Project

General

Profile

Actions

Bug #3680

closed

osmo-bsc: smpp.esme_ms_sms_storeforward.py test fails ocasionally due to paging response arriving after T3113 expired

Added by pespin over 5 years ago.
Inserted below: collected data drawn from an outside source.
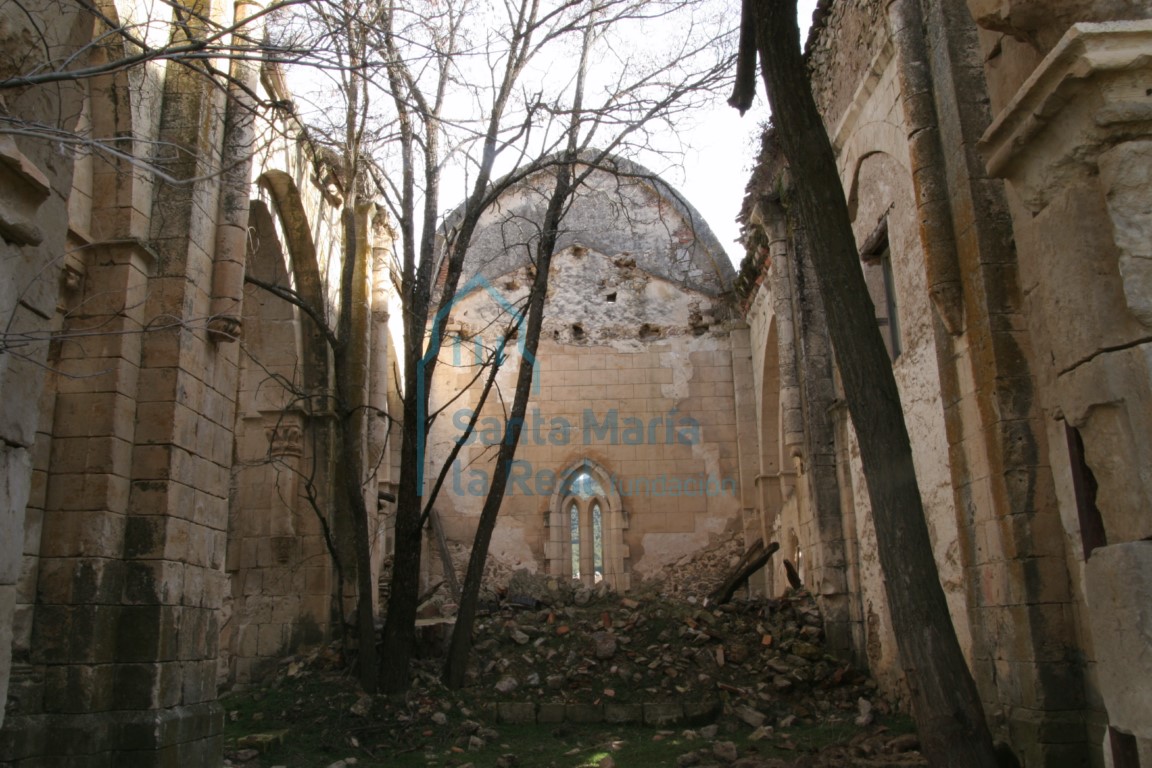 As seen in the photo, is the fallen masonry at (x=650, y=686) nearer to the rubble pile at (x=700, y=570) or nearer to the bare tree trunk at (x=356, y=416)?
the bare tree trunk at (x=356, y=416)

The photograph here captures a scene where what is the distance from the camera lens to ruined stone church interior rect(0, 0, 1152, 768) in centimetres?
278

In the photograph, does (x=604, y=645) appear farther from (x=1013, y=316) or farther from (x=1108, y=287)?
(x=1108, y=287)

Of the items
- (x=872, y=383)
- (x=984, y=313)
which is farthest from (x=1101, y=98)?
(x=984, y=313)

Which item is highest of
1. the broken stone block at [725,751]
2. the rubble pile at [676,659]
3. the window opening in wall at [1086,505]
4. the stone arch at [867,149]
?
the stone arch at [867,149]

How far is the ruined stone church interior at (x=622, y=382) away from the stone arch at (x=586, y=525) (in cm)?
6

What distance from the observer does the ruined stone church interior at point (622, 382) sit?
2777mm

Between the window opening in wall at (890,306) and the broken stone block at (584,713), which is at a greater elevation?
the window opening in wall at (890,306)

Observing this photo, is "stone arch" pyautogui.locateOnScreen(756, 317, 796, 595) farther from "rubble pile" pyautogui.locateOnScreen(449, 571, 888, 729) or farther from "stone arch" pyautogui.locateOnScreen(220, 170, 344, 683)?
"stone arch" pyautogui.locateOnScreen(220, 170, 344, 683)

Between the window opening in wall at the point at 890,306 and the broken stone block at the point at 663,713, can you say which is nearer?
the window opening in wall at the point at 890,306

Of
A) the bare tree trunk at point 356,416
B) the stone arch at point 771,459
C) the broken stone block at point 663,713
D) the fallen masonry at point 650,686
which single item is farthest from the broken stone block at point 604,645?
the stone arch at point 771,459

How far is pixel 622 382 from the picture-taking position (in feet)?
55.0

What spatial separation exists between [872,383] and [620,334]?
12.4 m

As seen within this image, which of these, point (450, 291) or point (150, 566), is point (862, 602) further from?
point (150, 566)

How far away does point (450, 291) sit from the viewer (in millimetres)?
10211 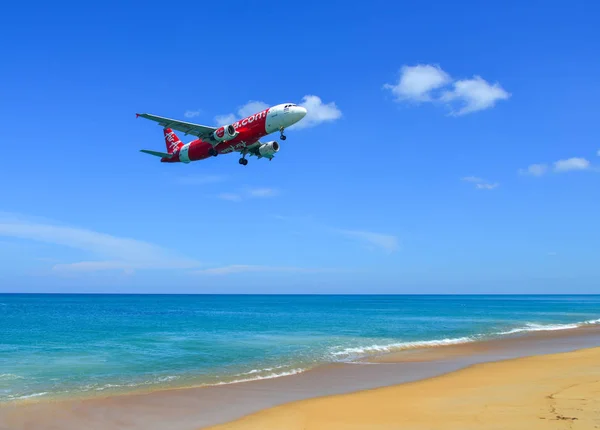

Updated over 5 years ago.

Status:
Resolved
Priority:
High
Assignee:
Category:
-
Target version:
-
Start date:
11/02/2018
Due date:
% Done:

100%

Spec Reference:

Description

Test smpp.esme_ms_sms_storeforward.py fails ocassionaly with following error:

  File "/home/jenkins/workspace/osmo-gsm-tester_run-prod/osmo-gsm-tester/suites/smpp/esme_ms_sms_storeforward.py", line 62, in <module>
    wait(ms.sms_was_received, msg)
  File "/home/jenkins/workspace/osmo-gsm-tester_run-prod/osmo-gsm-tester/src/osmo_gsm_tester/testenv.py", line 48, in <lambda>
    wait = lambda *args, **kwargs: event_module.wait(suite_run, *args, **kwargs)
  File "/home/jenkins/workspace/osmo-gsm-tester_run-prod/osmo-gsm-tester/src/osmo_gsm_tester/event_loop.py", line 111, in wait
    raise log.Error('Wait timeout', condition=condition, timeout=timeout, timestep=timestep)
osmo_gsm_tester.log.Error: Wait timeout {condition=<bound method Modem.sms_was_received of /sierra_2>, timeout=300, timestep=1}

Attached run tgz of failing test.

In the pcap file under bsc dir (GSMTAP+RSL), it can be seen that BSC starts paging the BTS, but eventually it expires (T3113) due to no Paging Response from MS. But immediately after (few ms later) the Paging Response arrives, but then it finds no subscriber (probably removed due to T3113 expiration. Then, nothing is communicated towards the MS (not sure what should be sent in that case, but I suspect the MS expects the BSC to do next step).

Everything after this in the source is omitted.